C'est ce qui dérange en effet. Il s'attendent à gagner un peu d'argent (même très peu) ; il s'agit là, sans doute, dans notre époque, avec ses valeurs (que nous ne partageons pas), d'une reconnaissance (face souvent au silence qui entoure la création, quelques francs de droits témoignent d'un intérêt pour l'oeuvre créée). Et avec nous, ils gagnent de l'argent sur leurs ventes (entre 10% et 50% sur une vente). Et au-delà de ce point particulier, les réflexions sur la rémunération des auteurs sont un sujet d'une grande actualité. Il s'agit là d'une expérience, peut-être que demain de nouveaux modèles pérennes s'établiront (un vrai mécénat numérique qui permet de vivre, et non seulement de se payer une bière) et remplaceront le droit d'auteur.
Vraiment, il n'y a pas de position idéologique ferme ici (si ce n'est notre goût pour le domaine public volontaire), un auteur qui nous proposerait un texte de qualité en copyleft, eh bien, nous l'éditerions avec joie.
Et au-delà de ce propos particulier, il est aussi difficile pour de nombreux créateurs d'appliquer les réflexions du logiciel libre (des outils) à des œuvres littéraires.
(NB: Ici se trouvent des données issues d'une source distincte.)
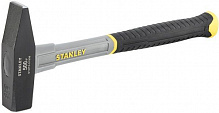 Молоток слесарный Stanley 500 г STHT0-51908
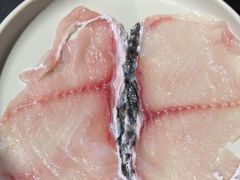 -牛牛和牛海鲜粥底火锅(长虹国际城店)
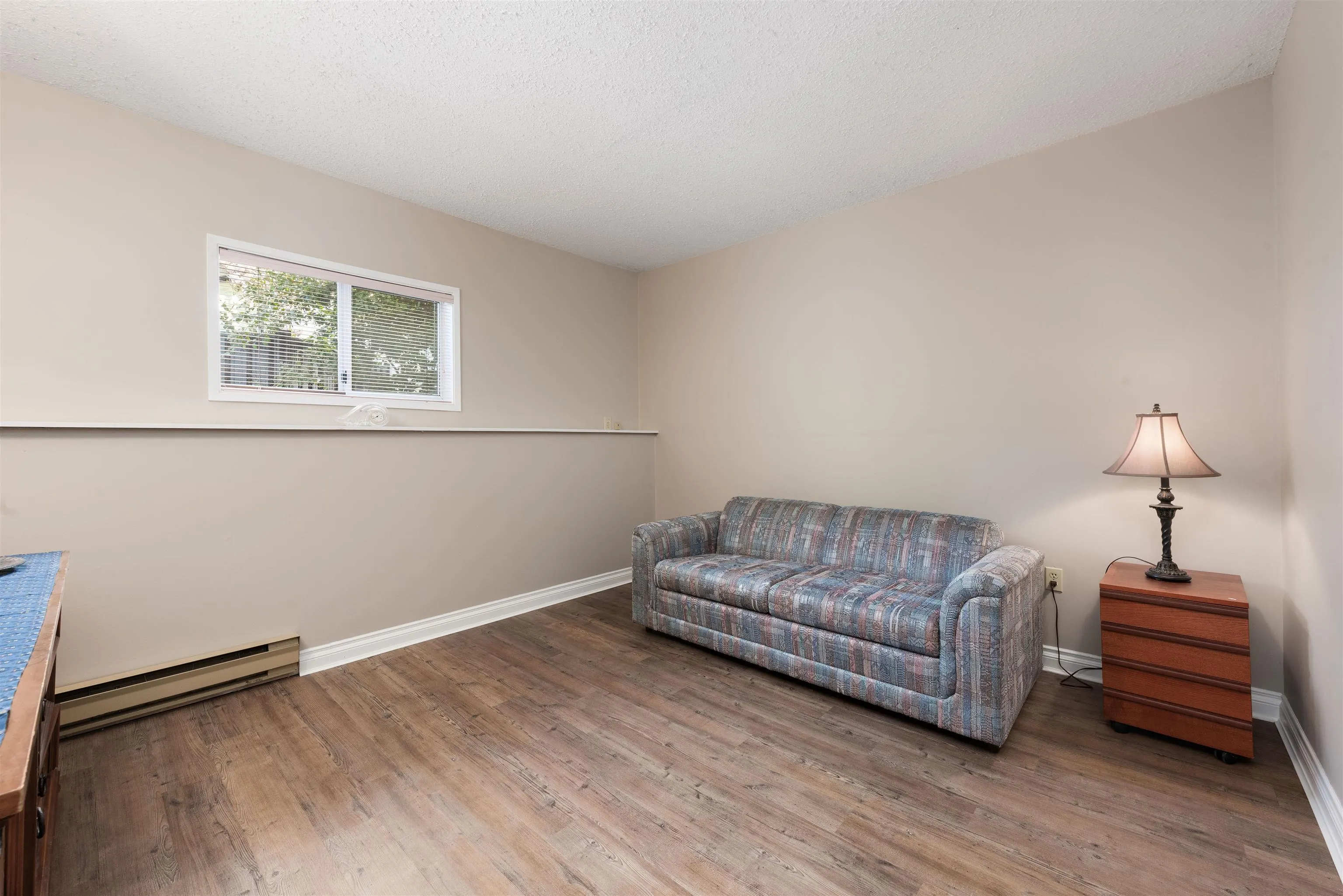 3173 Leeward Court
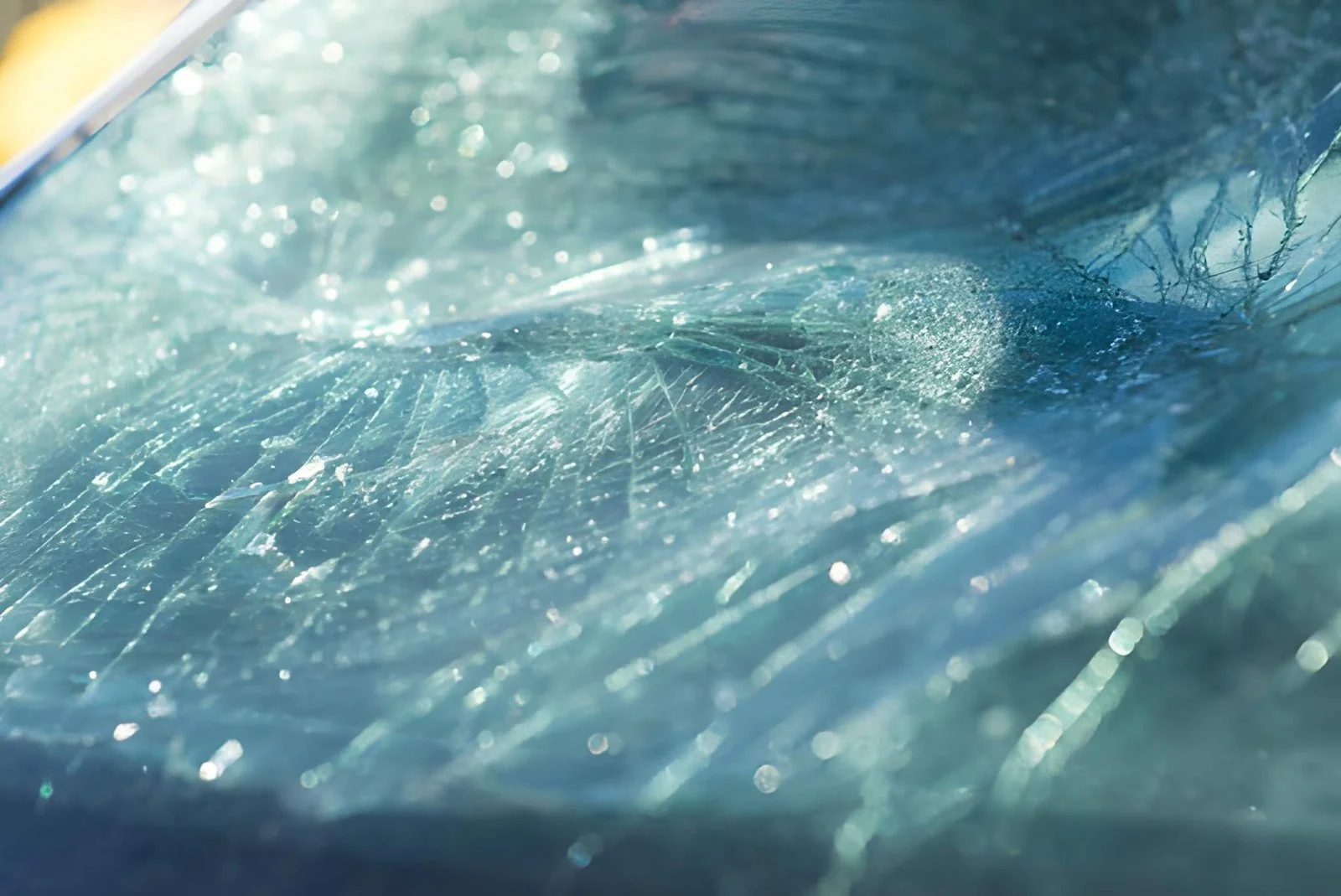 How Windshield Protection Film Helps Prevent Costly Windshield Repairs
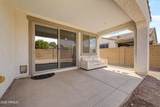 24580 144TH Avenue - Photo 25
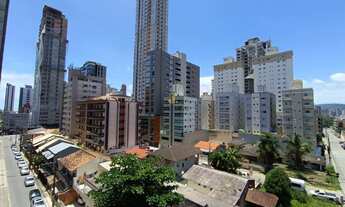 Imagem 3: TEMPORADA ITAPEMA, 2 dormitórios, 1 suítes, 2 banheiro, 1 vaga na garagem, 76M² de Área Co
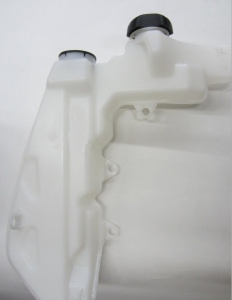 5007253, МАСЛЯНЫЙ БАК, Evinrude E-TEC  40-90л.с.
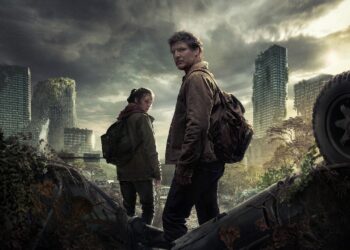 توقف تولید فصل دوم سریال The Last of Us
C'est le débat entre art et artisanat.
Mais sur le fond, nous partageons vos réflexions, c'est pour cela que nous avons utilisé pour ce gabarit une licence MIT (et que nous mettons en avant le domaine public volontaire).
# Pollen
Posté par Laurent Pointecouteau (site web personnel, Mastodon) . Évalué à 2.
J'ai lu ce journal en diagonale faute de temps, mais je ne manquerai pas de me plonger dans vos travaux qui m'ont l'air très intéressants !
À chaud, comme ça, ça m'a rappelé le projet Pollen, codé par un certain Matthew Butterick qui s'en s'est servi pour réaliser des livres en HTML ma foi fort plaisants à consulter (j'aime beaucoup celui-là même s'il est centré sur les règles anglophones de typographie). J'ignore si Pollen est beaucoup utilisé en dehors des exemples cités dans sa documentation, mais de manière générale, ce genre d'outils attise beaucoup ma curiosité.
[^] # Re: Pollen
Posté par rdhlnn . Évalué à 3.
Merci ! Oui bien sûr ! Son guide est une lecture intéressante. D'ailleurs, nous le citons dans nos recommandations !
Un autre outil qui me vient en tête (et qui est très prisé) c'est gitbook. Jamais utilisé en tant que tel mais son équivalent en Rust mdBook, qui est de bonne facture.